When the operation of our restaurant has come to the end, me and mummy became close again as I get to see her 24/7. No more rushing here and there. At the age of 16, I got 2news; my grandpa passed away and I got transferred to Kuching.  It was hard for me to leave my parents. But because of my studies and future, I ought to obey. 16 was the age where teenagers rebel. Since I was staying with my mama, I had to hide that feeling though sometimes I know I did hurt mama’s feeling. My bad side came out when mummy seldom call me. I cried and cried. My feelings were like tortured because I don’t dare to express my sadness. After 2 years, I’m back to KK and it was like a reunion when I get to stay with my mummy again. After my form 5, I spent most of my time with my daddy and we would be going here and there together. Mummy would say daddy had forgotten her once I come back since he has his companion. Unlike during usual days, daddy would be alone. I still remember before taking my SPM result, I told mummy I must tell daddy first. Mummy kept silent and cried. How bad I was for not considering her feeling. I’m sorry mummy. I still remember that day I made you cry. I didn’t mean to.


So after Kuching, I made my way to Labuan for my matriculation. I noticed that I was no more crying if mummy didn’t call me. Maybe I’m used to be distant from her. Even when I completed my matriculation, I choose the university which is far from home. Many people question me on this. My answer would be, “because my parents want me to be independent and explore more others’ culture”. I took it as a yes, and now I would like to thank my parents, mummy especially, for letting me go this far. Without your prayer and love, I won’t achieve what I have fought for. My success is for you and daddy.  I wish that I have made you and daddy proud of the first phase of my success. I love you both.  Thank you for bringing me into this world ma, and thanks for taking good care of my welfare, and never did hit me on any parts of my body nor to yell at me in public.
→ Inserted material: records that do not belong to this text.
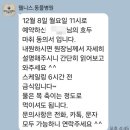 웰니스 동물병원 (구리점) | 광주 수완 <웰니스동물병원 수완점> 고양이 스케일링 내돈내산 강추후기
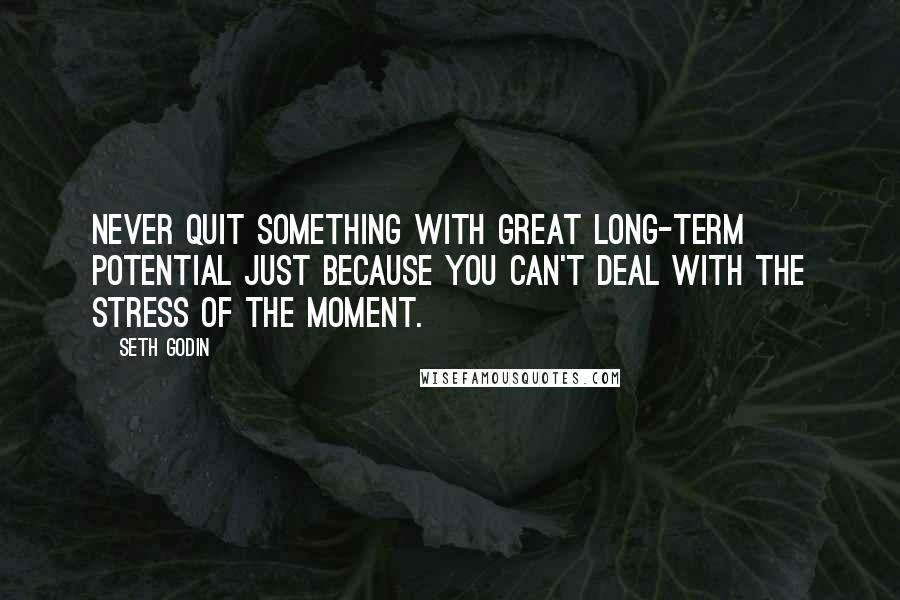 Seth Godin Quotes: Never quit something with great long-term potential just because you can't deal with the stress of the moment.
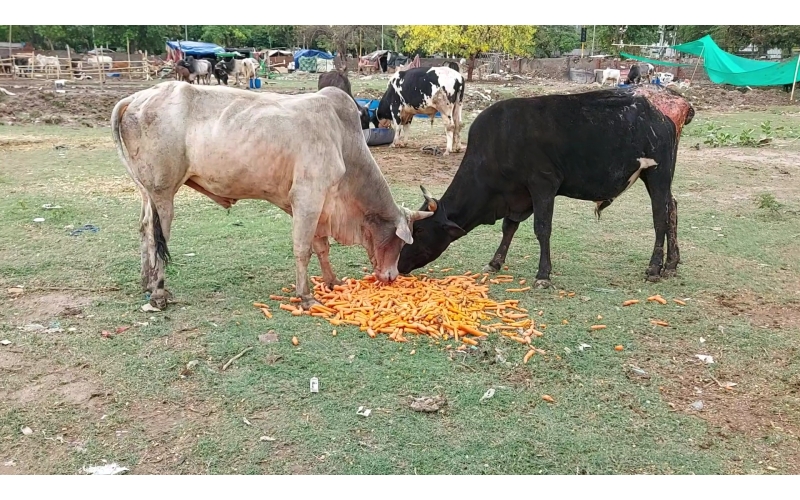 Acid Attacked Mahadev Nandi baba- Agra Acid Attacked Mahadev Nandi baba- Agra
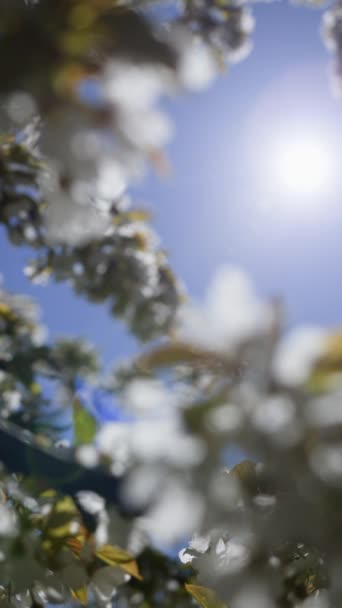 Vídeo Vertical Sobre Fondo Del Cielo Soleado Florecieron Ramas Cerezo — Vídeo de stock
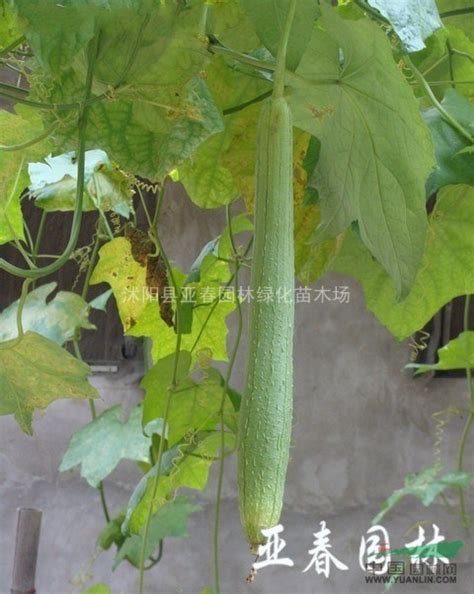 丝瓜几月份种植？丝瓜露天种植时间和方法-种植技术-中国花木网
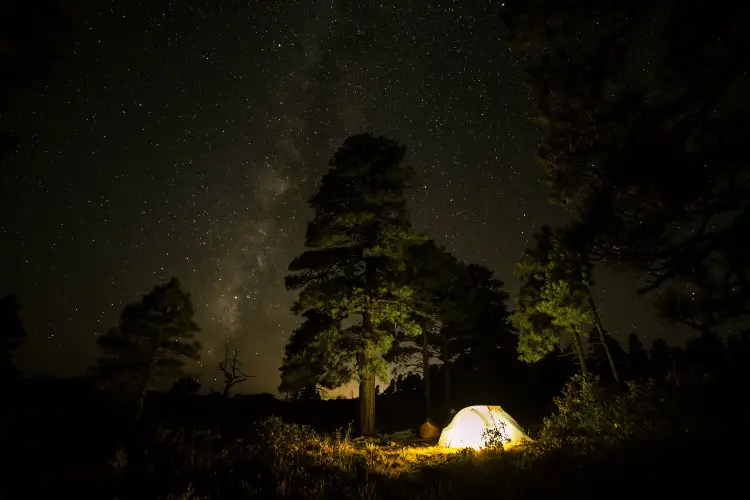 canvas tent at night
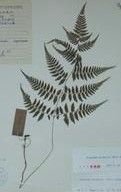 華東蹄蓋蕨 華東蹄蓋蕨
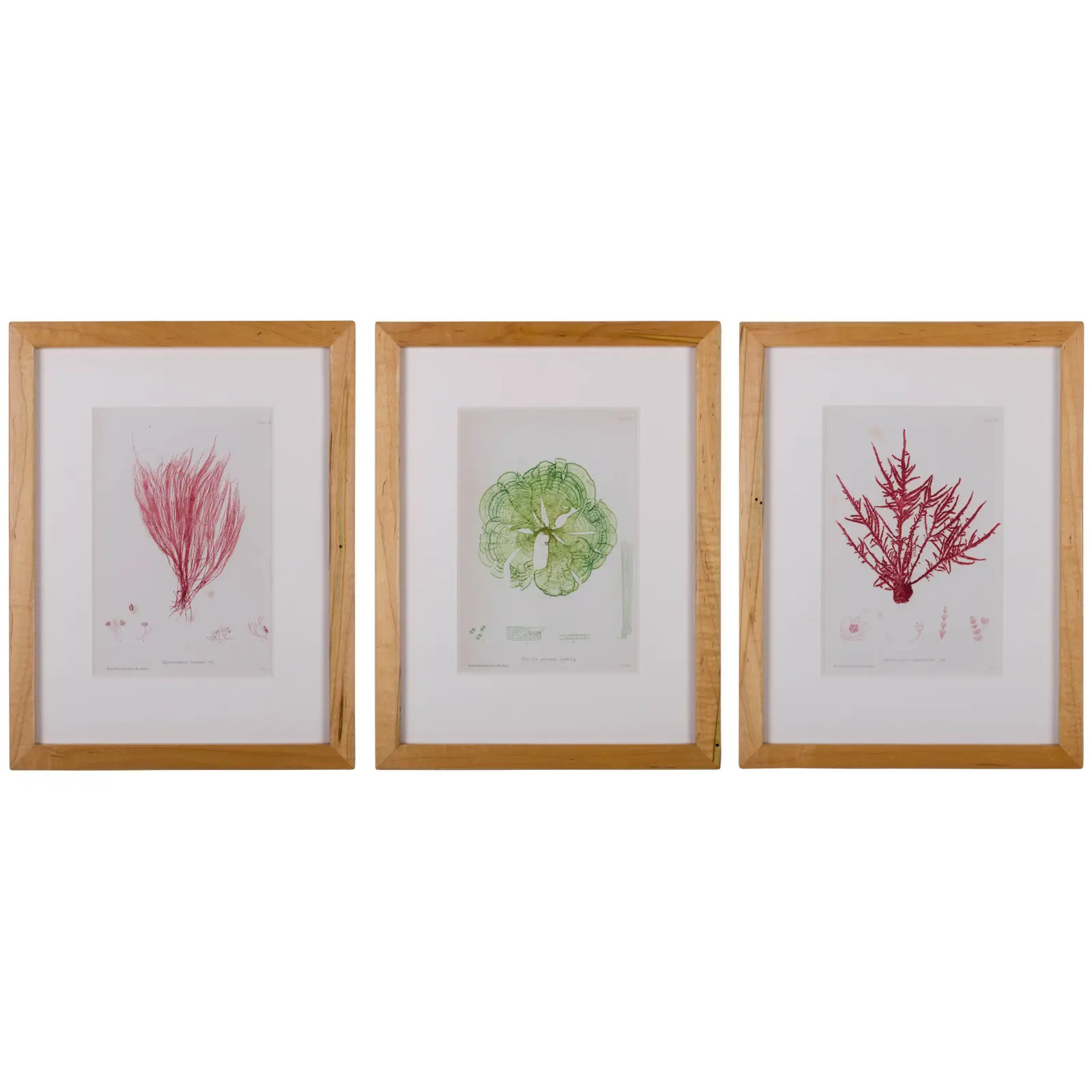 Bradbury Seaweed Prints in Hand-Crafted Frames - Set of 3 | Chairish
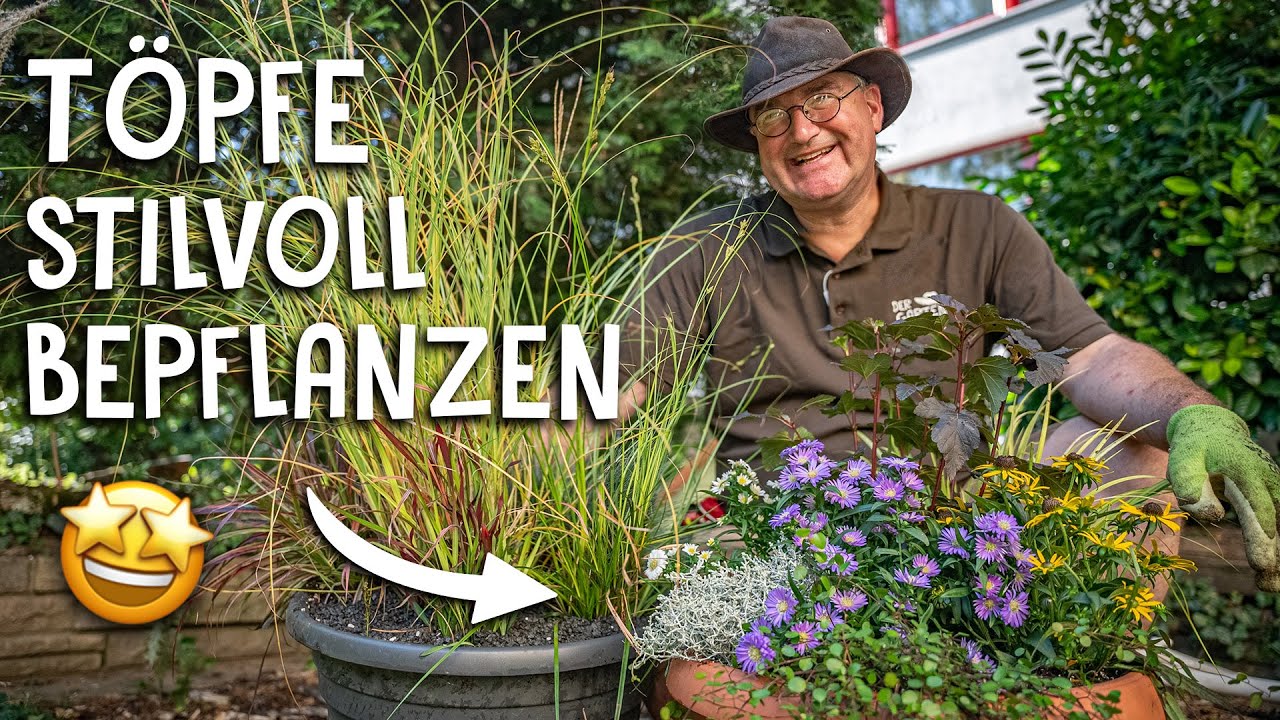 Herbstliche Bepflanzung für Garten & Balkon! 🌸 - Diese Pflanzen & Gräser solltest du kombinieren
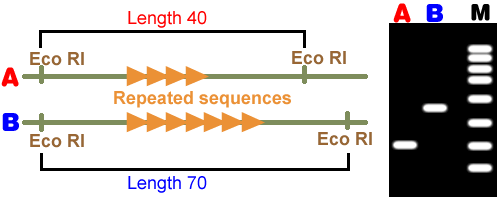 Polimorfismos de inserción-deleción: VNTRs Segmentos de DNA que consisten en unidades de 10 a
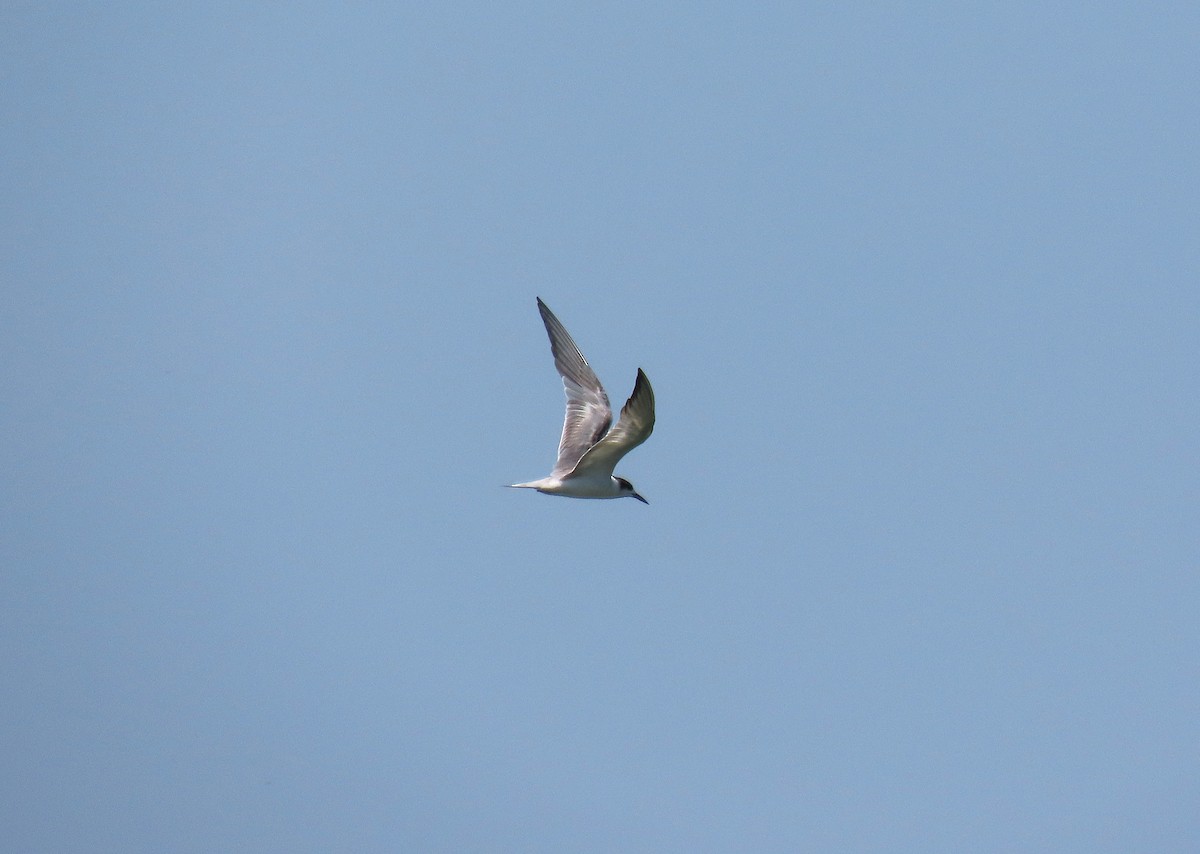 Крячок річковий (підвид longipennis) - ML639662180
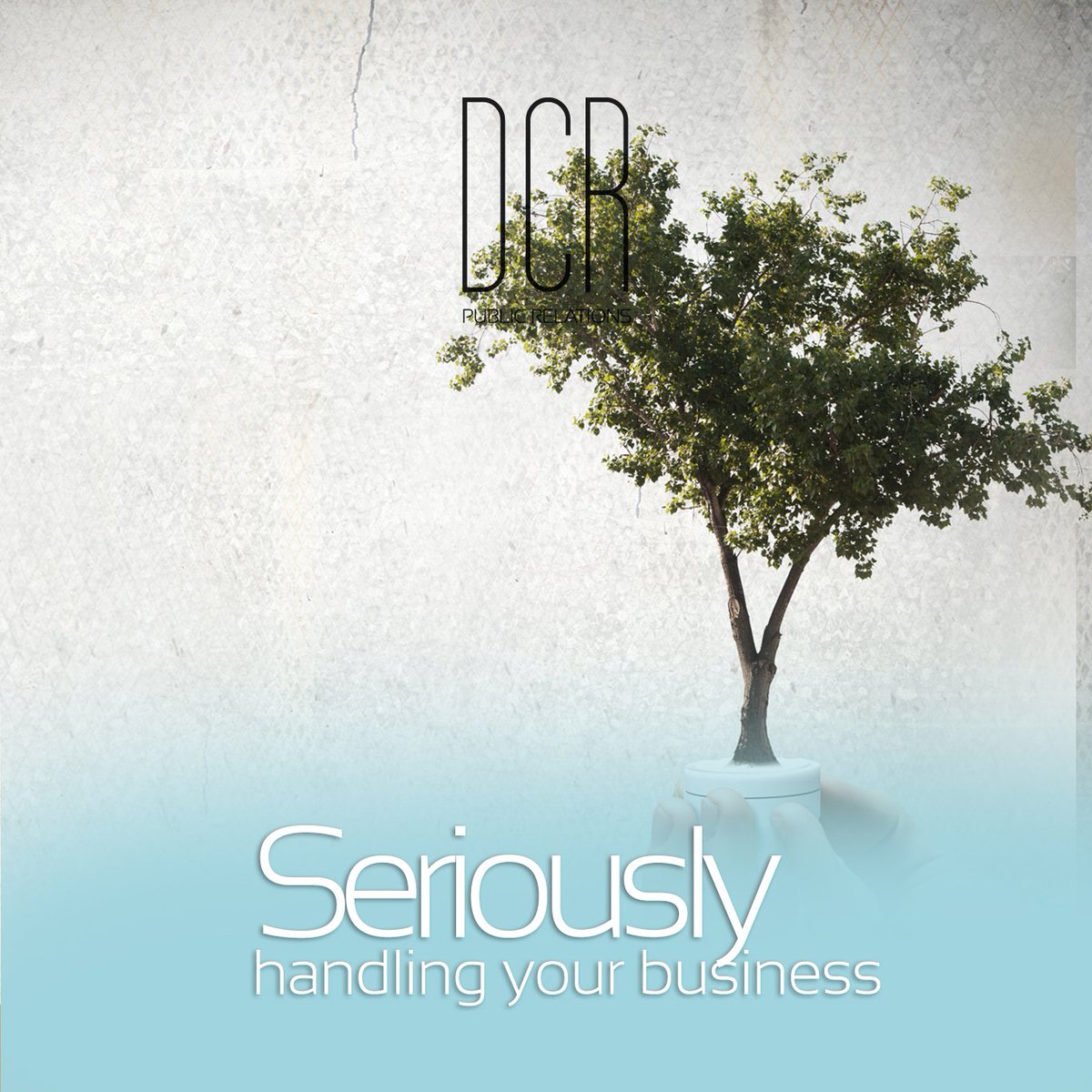 DCRPR_COM's tweet image. 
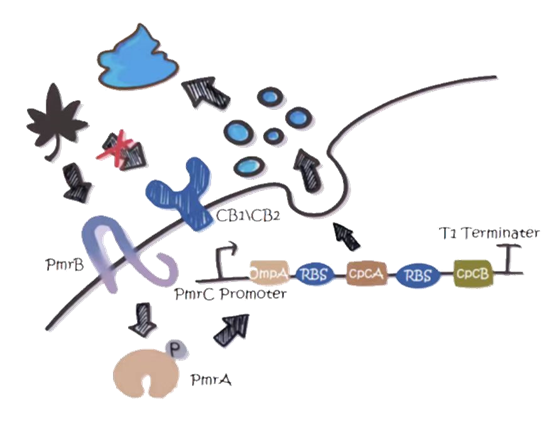 Pathway for Δ9-THC detecting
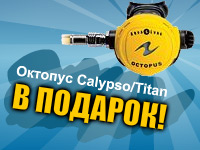 Рекламный баннер компании Diskus&#174; "Подарок".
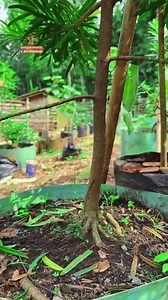 Unique Methods for Plant Cultivation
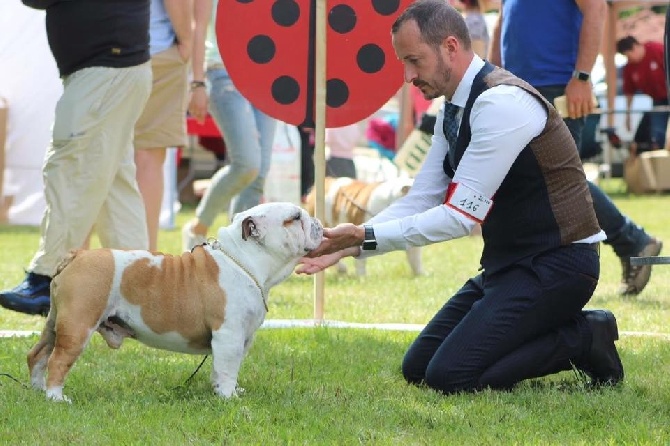 ENGLISH BULLDOG CLUB CHAMPIONSHIP SHOW 2016 FRANCE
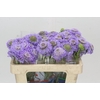Scabiosa Scoop Focal Lavender
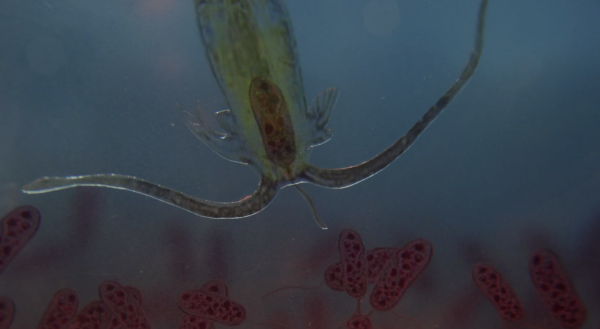 Scientists are Obsessed with this Lake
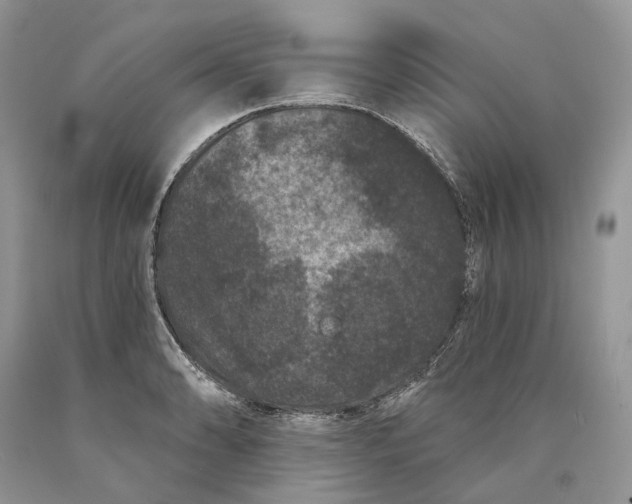 X0000089911086200707201751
Speaking of yelling and hitting,
When I was shopping for groceries, I saw lots of parents buying things together with their kids. But there was 1 scene that really irritates my sight. It was when I heard a mother yelled and hit her daughter for blocking her mother checking on the green. I asked myself.

“is it a must to yell in public?? Don’t you think it was like a humiliation to you when people looking, nodding heads and judging on your acts? Or maybe you are proud enough that you can yell in public..”

It hits me when looking at such scenes. I may not a good aunt to my nephews and nieces but I’m not that type who likes to yell in public. I hate eye- catching scenes. I admit I do yell because I am impatient when come to kids. But I’d say, if it’s not coming from the practice at home, they won’t end up like that. I always remind myself never yell at my kids because it’s not the proper way of training them to respect you.


What’s going on to the world now? Why can’t the parents now educate their child as how our folks did? I hope someday when I have my own family, I really wish that I get to educate my kids as how my parents did.

I know you were trying hard to nourish me with everything. I’m sorry that I’ve becoming a spoilt brat. I admit that and I will take that as a motivation to get what I want. For what I achieved, I know it will never enough to repay your deed. May Allah the almighty bless you with the fortunes and rezeki, for becoming the best mother of mine in this world.  I love you mummy. Happy mother’s day to mummy; Hjh Rainah Abd Ghani. Not forgetting to ibu, mum, mama and umi. Love to you guys and also thanks for becoming mothers of mine too.